Undertake a public health cost-benefit analysis of asbestos-related disease, as one speaker advocated at the Victorian Trade Hall. There are many lessons from the compensation issues of James Hardie Industries but one is that compensation creates wealthy (for a short while) families of dead workers and can do little of health benefit to the mesothelioma sufferers. It is surprising that the fact has not clicked in the government mind that compensation for asbestos-related diseases provides an important but only symptomatic relief. The government is applying paracetamol to an issue that requires surgery.
The union seminar was heartening in that it showed how many people are actually tackling the issue of asbestos-related diseases. But it also operated under a cloud of frustration with an occupational and public health risk that is not receiving the government support that other similar matters are. Trade unions are a vital part of any plan to control asbestos but just as many people in the leafy suburbs are isolated from asbestos risks, so the audience for the asbestos message is limited by the message remaining within the trade union context.

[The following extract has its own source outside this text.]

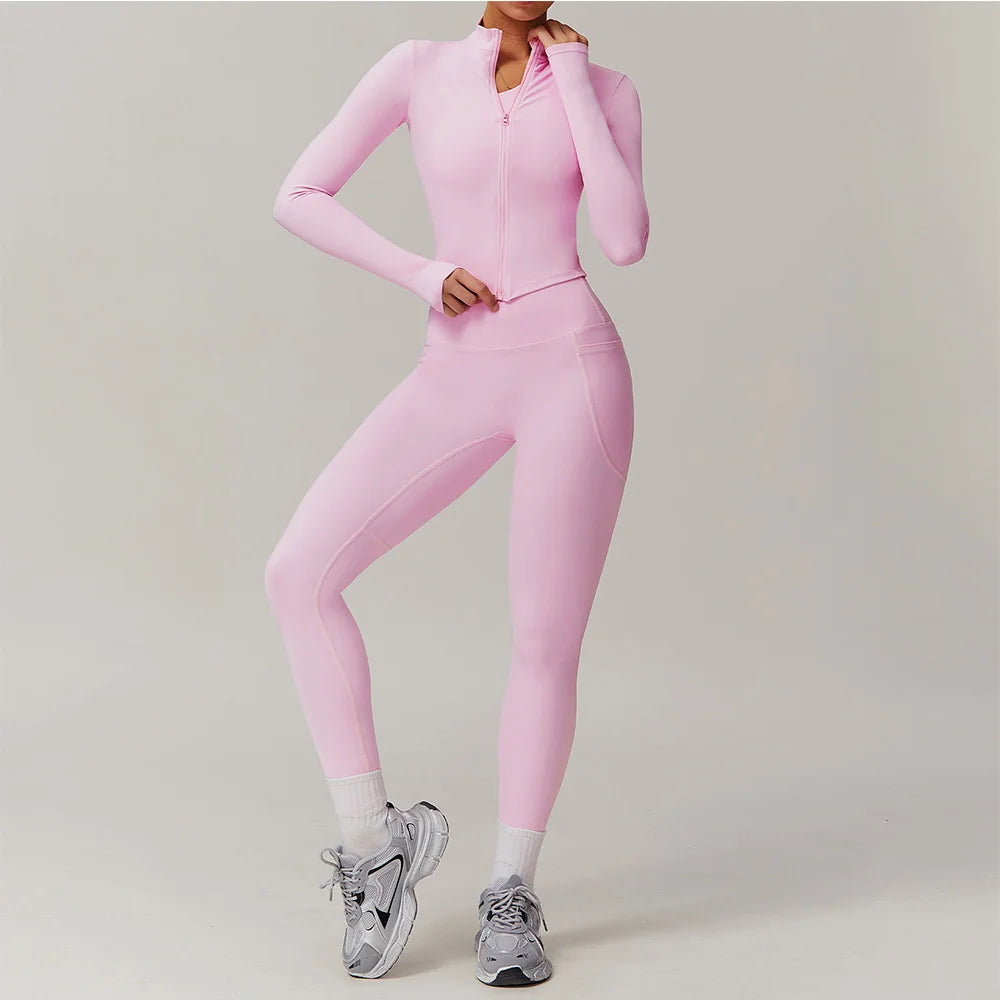 2PCS Yoga Suit Gym Set Women Sports Set Women Long Sleeve Running Workout Sportswear Female Tracksuit Sports Shirt Yoga Clothing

There needs to be a creative approach to generating sufficient community outrage over the unnecessary deaths of workers from asbestos so that the government cannot avoid action. The James Hardie legal action and the lobbying of Bernie Banton, and others, was about compensation, about making a company accept its social responsibility, about making it pay. It worked, but James Hardie still cannot afford the compensation bill that is the reality of decades of profits from a toxic substance that kills.
In 2009 several Australian Governments have helped out this company by contributing $A320 million to the company’s compensation fund. Why? When did the government decide to cover the costs of a company’s exploitation of workers? This is on top of having to fund the public hospitals that have to deal with mesothelioma victims. The government, and the taxpayer, is paying twice!
Let the company fail and allow the class action lawyers to pick over the assets. Or better yet, keep James Hardie Industries alive and bleed it just enough so that it can fund the removal of its toxic legacy for the next thirty years.
Every shareholder in James Hardie that receives their dividend cheques from whichever country James Hardie moves to next (Zimbabwe cannot be far off) needs to understand that those dividends could be used to ease the pain of the workers who generated the corporate profits rather than contribute to their own bloated share portfolios.